In January 2003, the Slammer worm hit the Internet. Five of the Internet’s thirteen root-name servers shut down. Three hundred thousand cable modems in Portugal went offline, all of South Korea’s cell phone and Internet services went down, and Continental Airlines cancelled flights from its Newark hub due to its inability to process tickets. It took only six months after the disclosure of a security flaw for a virus writer to write the 376 byte virus.

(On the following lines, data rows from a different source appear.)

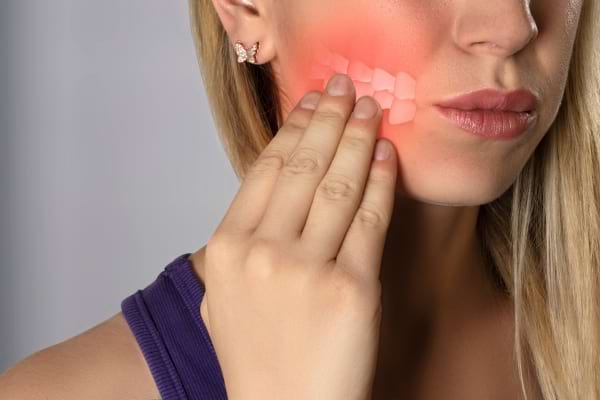 Femme se tenant la joue avec douleur dentaire visible.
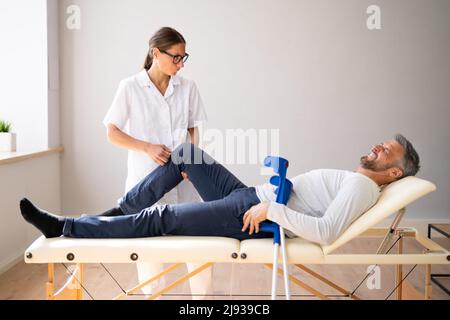 Physiotherapeut Überprüft Das Knie Des Patienten. Physiotherapie Und Schmerzen Stockfoto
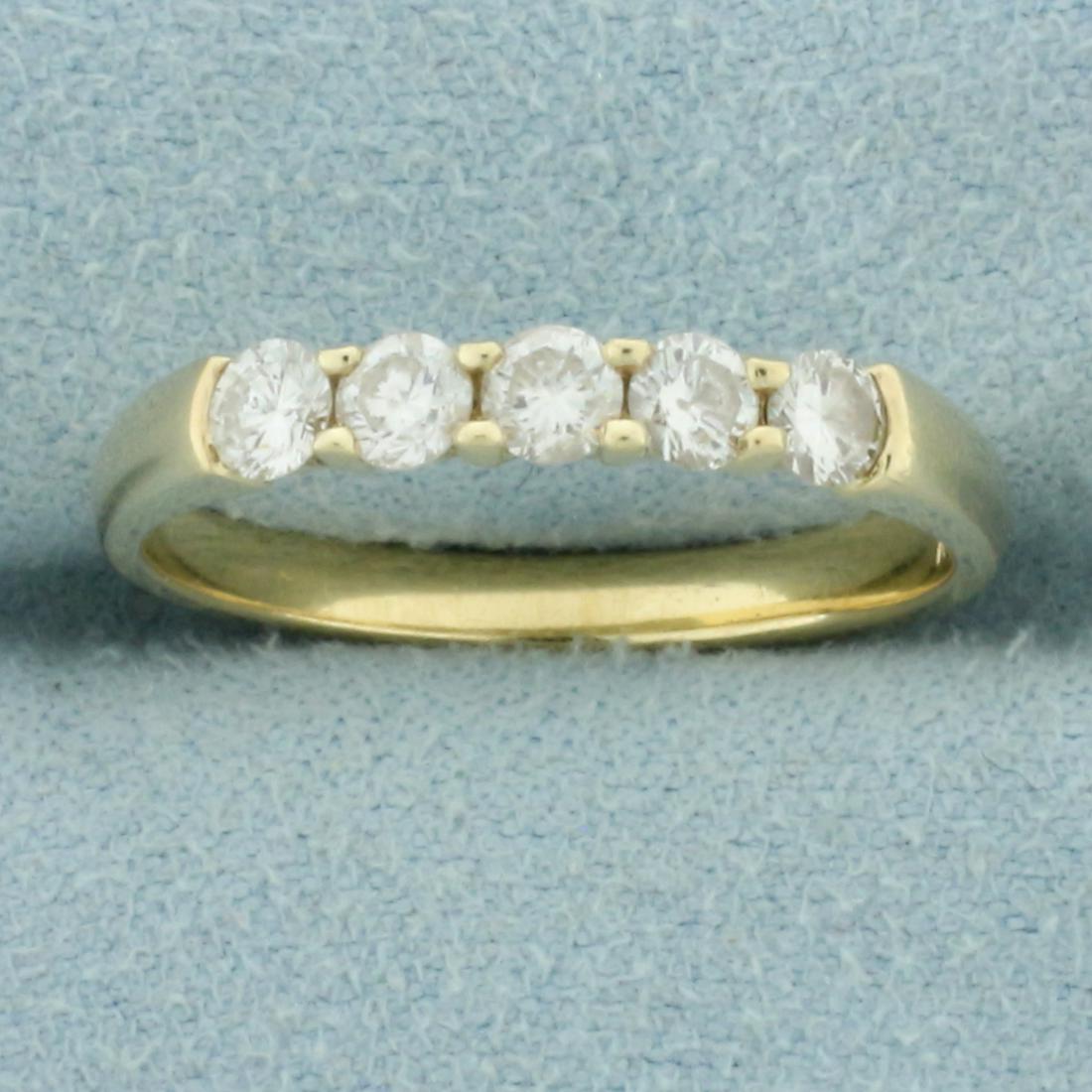 Diamond Wedding or Anniversary Band Ring in 14k Yellow Gold: In 14k yellow gold. Contains 5 high quality diamonds, 1/2ct TW, SI clarity/G color. Size 7.5. 2.3g.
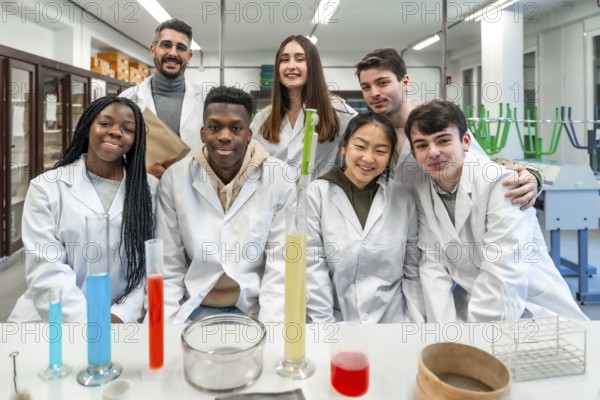 Group of diverse university students and their teacher posing together in a chemistry laboratory,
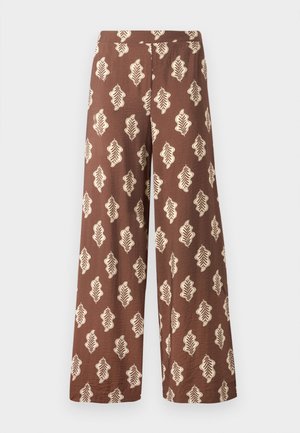 Wide brown pants made of fabric with a textured surface, featuring a repeating leaf pattern in cream color. Elastic waistband.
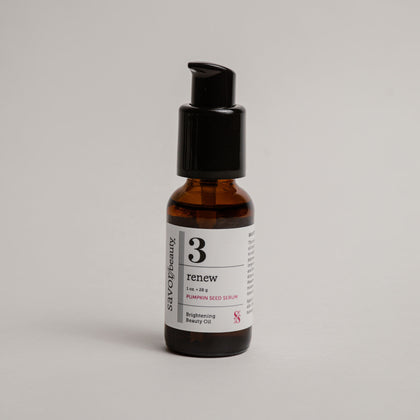 Skincare serum bottle labeled '3 renew' on a gray background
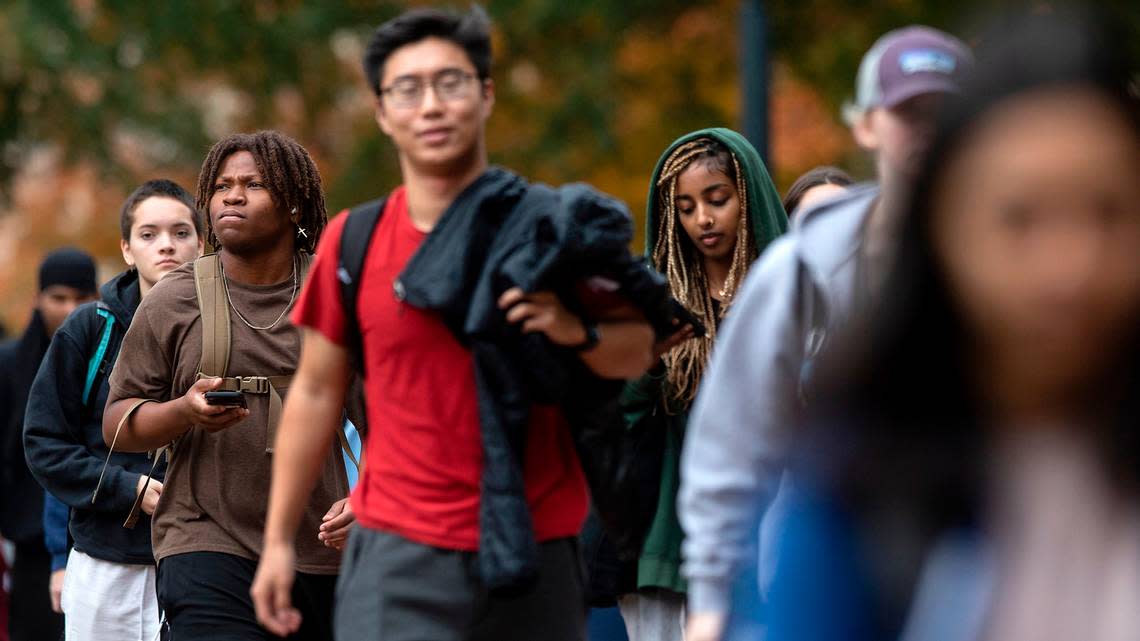 People walk through the campus of UNC-Chapel Hill on Monday, Oct. 31, 2022.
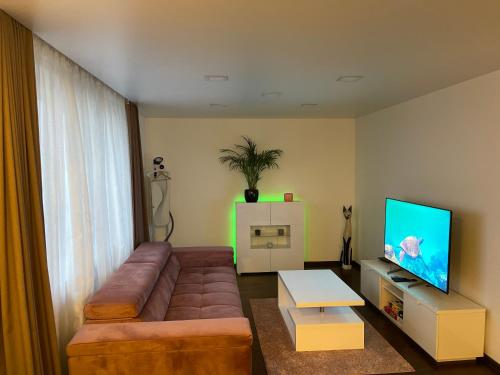 a living room with a brown couch and a flat screen tv at Very welcome apartment in Panevėžys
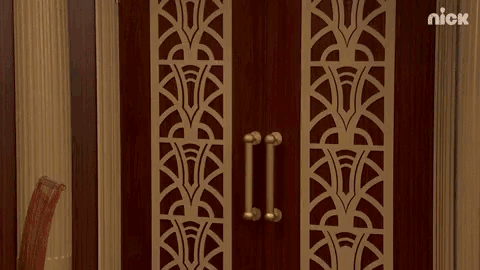 a man in a superhero costume is standing in a doorway with his arms outstretched .
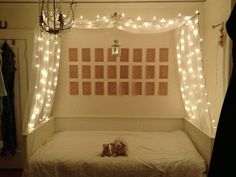 two teddy bears laying on a bed under a canopy with lights strung over the headboard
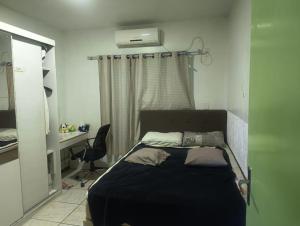 a bedroom with a bed and a desk and a window at FICOS Hospedagem in São Gabriel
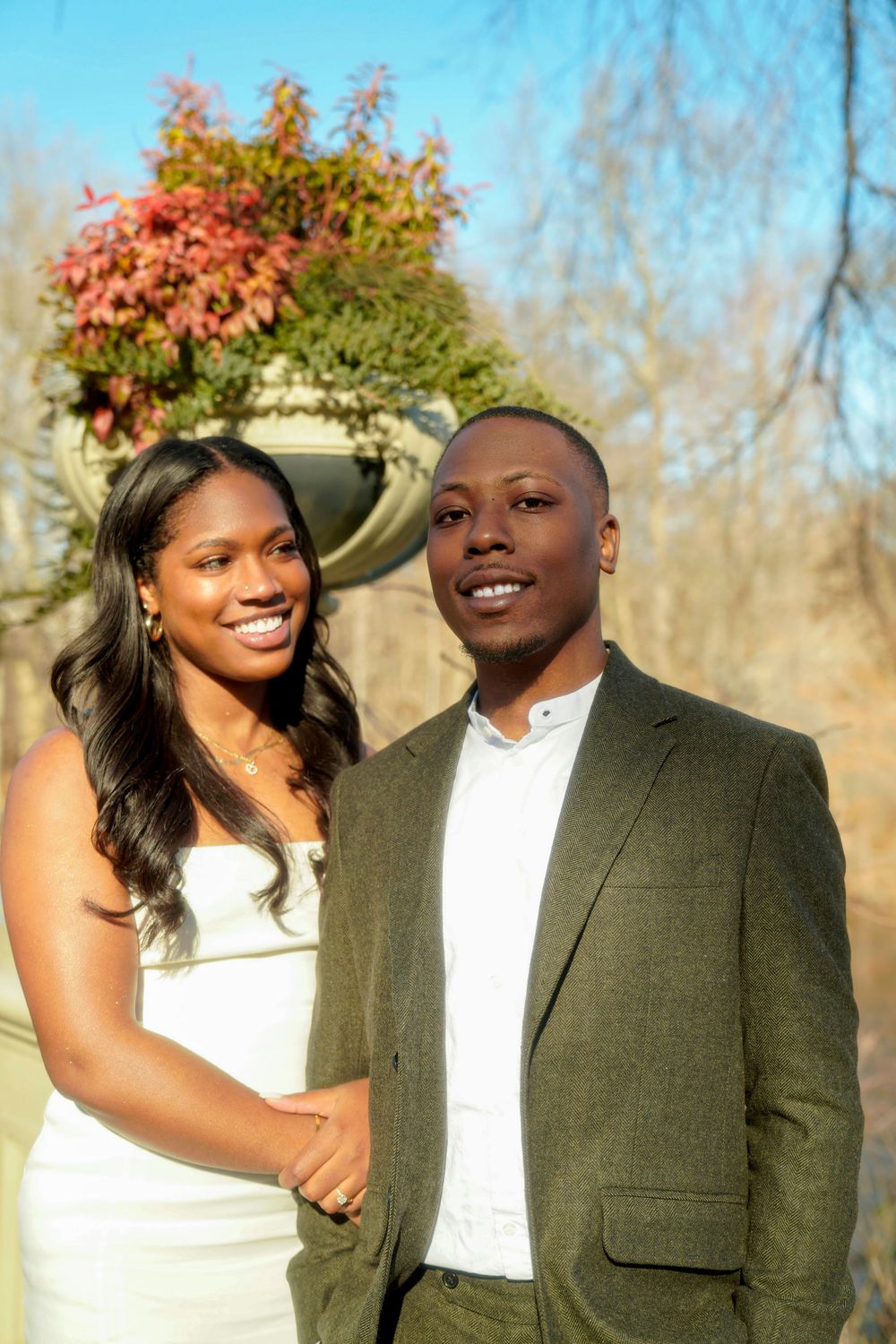 A happy couple in formal attire poses outdoors on a sunny day with fall foliage in the background. central park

When it unleashed, it took ten minutes to infect ninety percent of vulnerable systems.
The flaw was a buffer overflow in the Microsoft SQL Server 2000 software. Because the code is embedded in other Microsoft products, not all users were even aware that their systems were running a version of SQL Server. Unfortunately, this was a well-known, preventable security flaw. Moreover, Microsoft had released a patch for the flaw exploited by Slammer six months before the attack. Despite the widespread effects, no flood of lawsuits ensued.